18 Jul 2025, 13:07 p.m.
Generative AI Abstinence and Harm Reduction
- A tour of the tools...
- A crash course on how to write an effective prompt.
- How I create video chapters ...
- Tips on how to approach more ambitious projects that rely on LLMs.
I am tremendously excited about how AI can make government data more accessible and transparent.
Tools like this are valuable public goods. I'd like to see cities fund them in the way they do libraries.
Cities should do things like this instead of releasing chatbots!.....
Additional context (added for blog post)
New York City's Charter Revision Commission has the responsibility to suggest major changes to how the city runs. The current Commission announced its interim report on July 1st, 2025. It surprised a bunch of people by saying they were thinking of putting a measure on the November 2025 election ballot to make a major change to NYC primary elections. The Commission said that July 15th was the last day for the public to submit written comment, and that that, on July 21st, they would vote to decide which questions they would put on the ballot.
On July 7th, they held their first public hearing since the release of the interim report. Over 4.5 hours, 57 people gave spoken testimony, many representing advocacy organizations. The video went up on YouTube on July 8th, and YouTube, as usual, provided its own AI-generated transcript/captions. The Commission published a brief summary of their testimony on (I think) July 14th, but still has not released a full transcript; it often takes many business days, or even weeks, to get an official transcript of these sorts of city hearings.
citymeetings.nyc likely had transcripts and summaries up within 24 hours of the July 7th hearing, per its paid contract with the Commission.
On July 15th, Aditya Mukerjee posted to ask New Yorkers to submit comment before midnight. I did so. I also copied his post from Bluesky to Mastodon. The ensuing conversation included questions and confusion about what specific model of open primary elections the Commission wanted to propose. While researching this, I didn't think to check citymeetings.nyc. I scrubbed through the YouTube auto-transcript to find and skim testimony, somewhat effectively.

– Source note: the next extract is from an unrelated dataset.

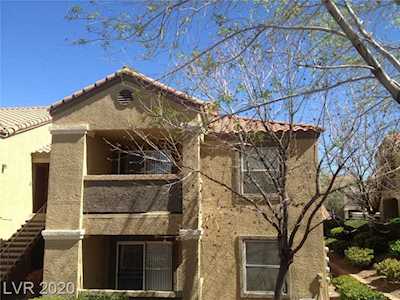 2300 Silverado Ranch Blvd #2032 Las Vegas, NV 89183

Conversation at the July 7th hearing included people discussing that confusion, and suggesting we need more time to work that out and clarify public messaging before the Commission puts a question on the ballot. On July 16th, the Commission announced it would wait longer to ask voters to open the primaries.
In summary: if I had used citymeetings.nyc to research this issue, I would have better understood it, written better testimony, and participated more usefully in the online conversation.
My abstinence
"if you want to use LLMs effectively and responsibly you must acknowledge that they will fabricate things."
Oberoi specifically describes the perils of false/hallucinated output and ways he has mitigated that problem. He doesn't discuss systemic bias, energy usage, or other ethical issues with using LLMs, and how he mitigates those concerns. (I've sent him a note saying I'd be interested in his thoughts on that.)
Nevertheless I emerge with a mix of feelings about my own abstinence.
In 2022 I wrote about how I was thinking about the ethics of using Whisper, an LLM I use to transcribe audio. I did some evaluation, in the absence of ethical guidance from trusted assesors. I continue to use it frequently.
I've tried to abstain from using AI/LLM-type tools that I haven't evaluated this same way. As far as I know, we still don't have any guides like "these LLMs are LESS unethically trained" - https://github.com/mozilla-ai/lumigator/issues/1338 is where I suggest Lumigator do that.
Understanding the cost-benefit of using, e.g., the chatbot-type tools would get easier if I got hands-on experience using them, so I could concretely say: in these domains, with this amount of effort, I have these new capabilities that allow me to do these new things/to do these things faster/better/more delightfully.
But I am unaware of any chatbots that are trained only on ethically sourced data, and which offer a way to mitigate the climate impact of their training and the user's usage.
As Chelsea Troy discusses in "Does AI benefit the world?" (her writing on ML/AI/LLMs has been invaluable to me as I think about this),
Our ethical struggle with generative models derives in part from the fact that we…sort of can’t have them ethically, right now, to be honest.... we did not have the necessary volume of parseable data available until recently—and even then, to get it, companies have to plunder the internet.
And her perspective is: it really is not feasible to get enough people to genuinely consent to sharing their data to train these models sufficiently for usability. And I trust her, saying that, far more than I trust the AI company founders and employees and their apologists.
Someone else noted: As the utility, availability & cost of the unethically trained models get better & better, the incentives to gather & use necessarily smaller ethically-gathered datasets, + train models on them, go down.
Risks, benefits, and capabilities I want
Troy compares the impacts of three technological changes (cars, the consumer internet, and generative text and image models), discusses the disparate impacts on different populations, and says:
Could we theoretically improve the net benefit of any given technical development today if we make efforts to maximize its positive outcomes and mitigate its negative ones? I believe so, and I believe that’s basically the option available to us.
And citymeetings.nyc really brings that home, for me.